Appeal from a resentence of the Onondaga County Court (Anthony F. Aloi, J.), rendered August 26, 2011. Defendant was resentenced upon his conviction of burglary in the first degree (two counts), attempted robbery in the first degree and criminal possession of a weapon in the second degree.
It is hereby ordered that the resentence so appealed from is unanimously affirmed.
Memorandum: Defendant was convicted following a jury trial of two counts of attempted murder in the first degree (Penal Law §§ 110.00, 125.27 [1] [a] [i]), two counts of burglary in the first degree (§ 140.30 [1], [2]), attempted robbery in the first degree (§§ 110.00, 160.15 [2]), criminal possession of a weapon in the second degree (§ 265.03), and resisting arrest (§ 205.30), and he now appeals from a resentence with respect to that conviction.
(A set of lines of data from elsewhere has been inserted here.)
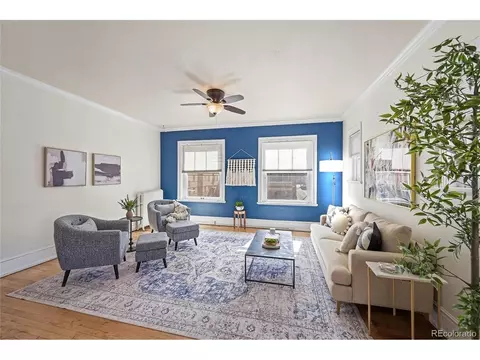Living - 521 E 14th Ave #19, Denver, CO 80203 photo 2 of 6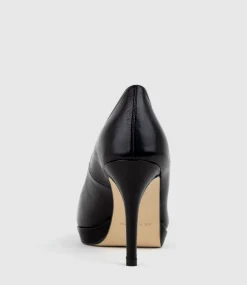 Corine95 Peeptoe Pump In Black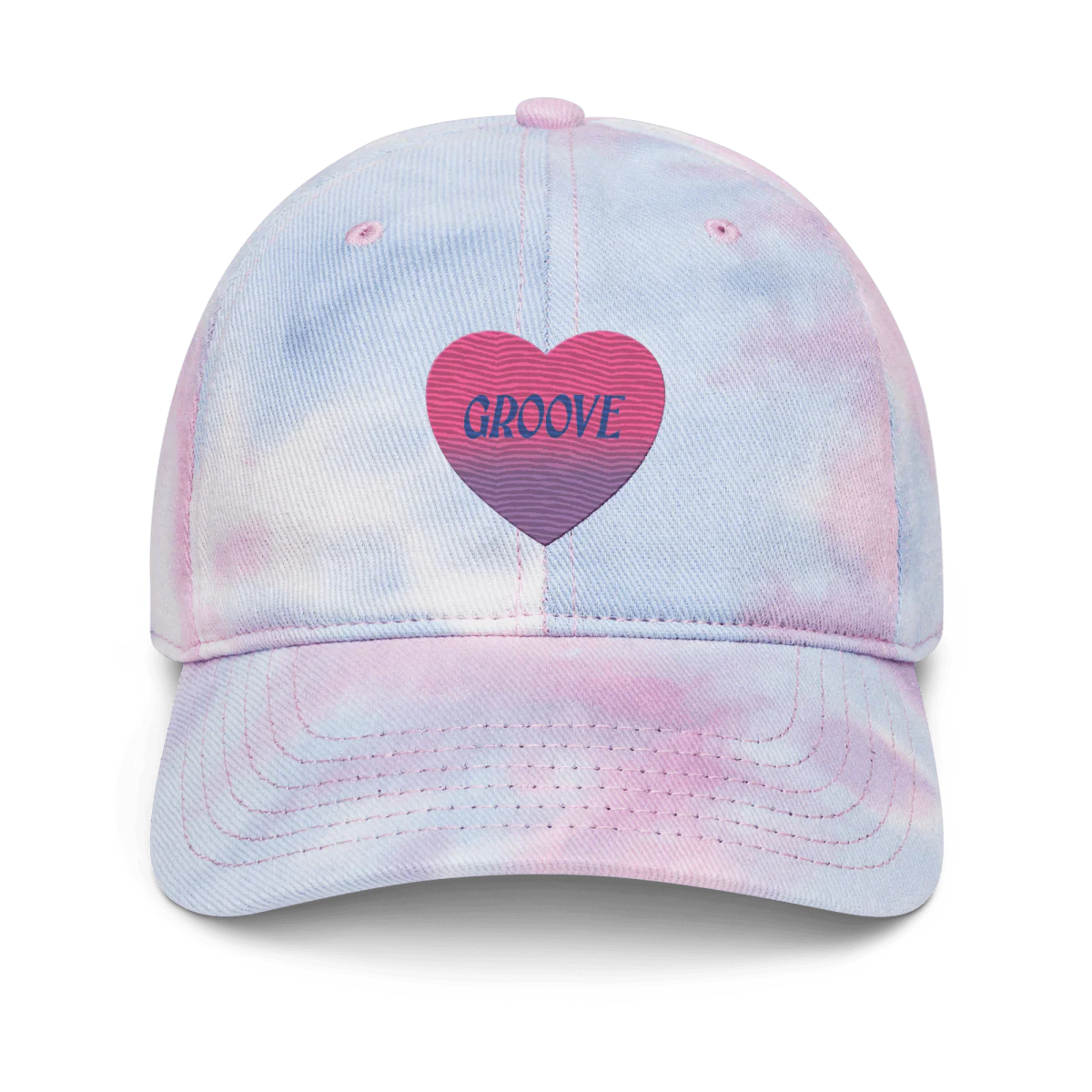 Groove is in the Heart Embroidered Hat - Image 4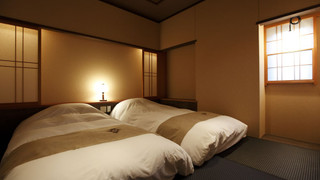 温泉露天風呂付き和洋室A(3名定員)36平米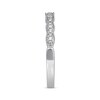 Thumbnail Image 2 of Previously Owned Diamond Wedding Band 1/8 ct tw Round-cut 14K White Gold
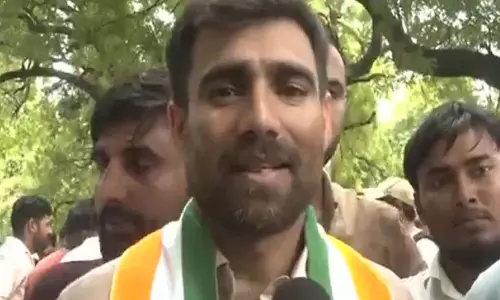निशु आजाद के पिता से हमले का मामला NSUI ने BJP पर लगाए आरोप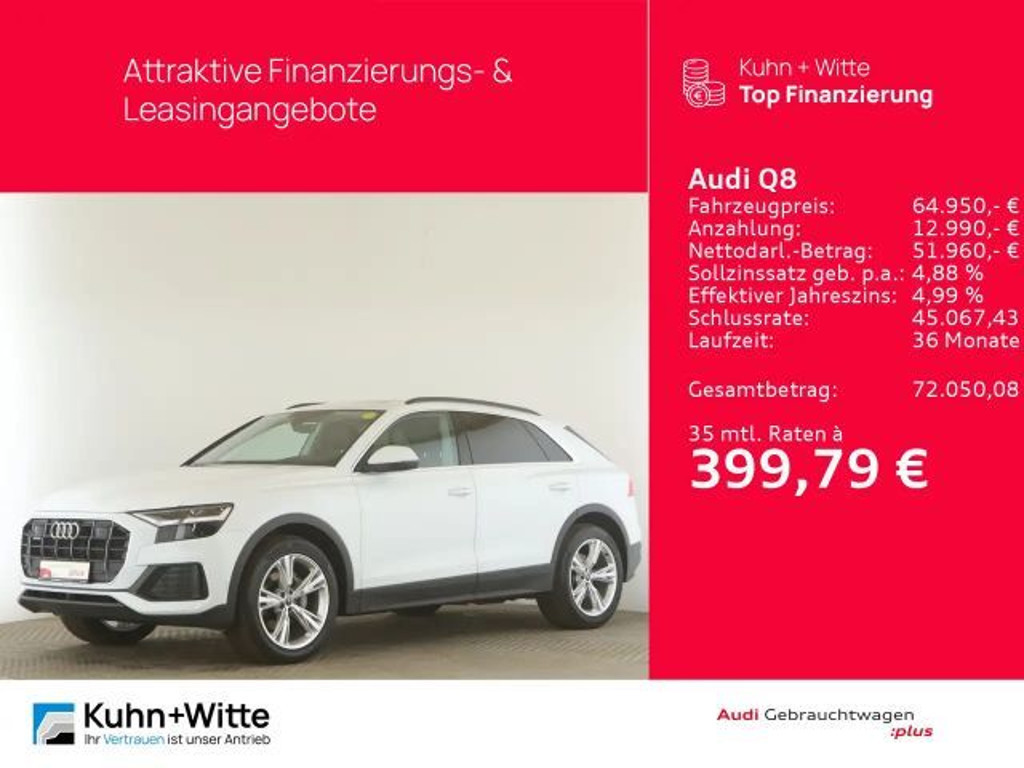 Audi Q8 Quattro 50 TDI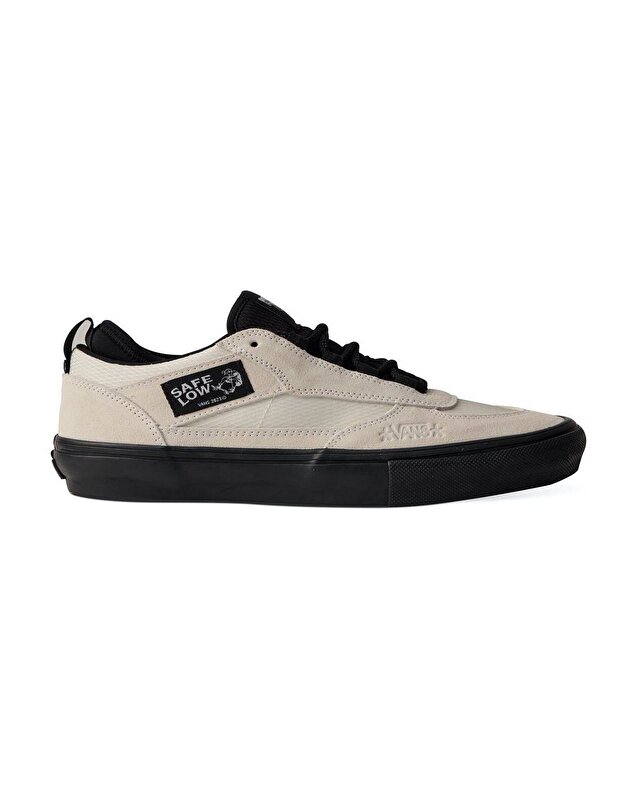 SKATE SAFE LOW AYAKKABI Bone White/Black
County Court originally sentenced defendant to, inter alia, concurrent determinate terms of 10 years’ imprisonment for the counts of burglary, attempted robbery, and criminal possession of a weapon, and we affirmed the judgment of *1401conviction (People v Woods, 284 AD2d 995 [2001], lv denied 96 NY2d 926 [2001]). The sentencing court failed, however, to impose periods of postrelease supervision as required by Penal Law § 70.45 (1). To remedy that Sparber error (see Correction Law § 601-d; People v Sparber, 10 NY3d 457, 465 [2008]), the court resentenced defendant prior to the completion of his sentence to the same terms of imprisonment and imposed the requisite periods of postrelease supervision (see Penal Law § 70.45 [1]).
We reject defendant’s contention that the court abused its discretion when it imposed the periods of postrelease supervision. In the absence of the People’s consent, the court was required to impose the mandatory periods of postrelease supervision (see Penal Law § 70.85; People v Williams, 14 NY3d 198, 213 [2010], cert denied 562 US —, 131 S Ct 125 [2010]; People v Wright, 85 AD3d 1316, 1316 [2011]).
Defendant failed to preserve for our review his contention that the court abused its discretion in failing to order an updated presentence report prior to resentencing. The record demonstrates that “[defendant did not request that the court order an updated presentence report or otherwise object to sentencing in the absence of such a report” (People v Stachnik, 101 AD3d 1590, 1592 [2012], lv denied 20 NY3d 1104 [2013]; see People v Lard, 71 AD3d 1464, 1465 [2010], lv denied 14 NY3d 889 [2010]). In any event, defendant’s contention is without merit because “the decision whether to obtain an updated report at resentencing is a matter resting in the sound discretion of the sentencing Judge” (People v Kuey, 83 NY2d 278, 282 [1994]).
Defendant also failed to preserve for our review his contentions that his due process rights were violated, i.e., that he did not receive notice that he was a “designated person” under Correction Law § 601-d (1), and that there was an “unreasonable delay” between his original sentencing and the resentencing (CPL 380.80 [1]; see generally People v Smikle, 112 AD3d 1357, 1358 [2013], lv denied 22 NY3d 1141 [2014]). We decline to exercise our power to review those contentions as a matter of discretion in the interest of justice (see CPL 470.15 [3] [c]).
Finally, defendant’s contention that he was denied effective assistance of counsel is unreviewable to the extent that it involves matters outside the record (see generally People v Robinson, 221 AD2d 1029, 1029 [1995]). To the extent that the record permits review of his claims of ineffective assistance of counsel, we conclude that they are without merit (see generally People v Caban, 5 NY3d 143, 152 [2005]; People v Baldi, 54 *1402NY2d 137, 147 [1981]). It is well settled that the “failure to make a motion or [an objection] that has little or no chance of success ... is not ineffective” (People v Dashnaw, 37 AD3d 860, 863 [2007], lv denied 8 NY3d 945 [2007] [internal quotation marks omitted]), and defendant otherwise has failed to show the absence of strategic or other legitimate explanations for defense counsel’s alleged shortcomings (see generally People v Benevento, 91 NY2d 708, 712 [1998]).
Present — Scudder, RJ., Smith, Peradotto, Carni and Sconiers, JJ.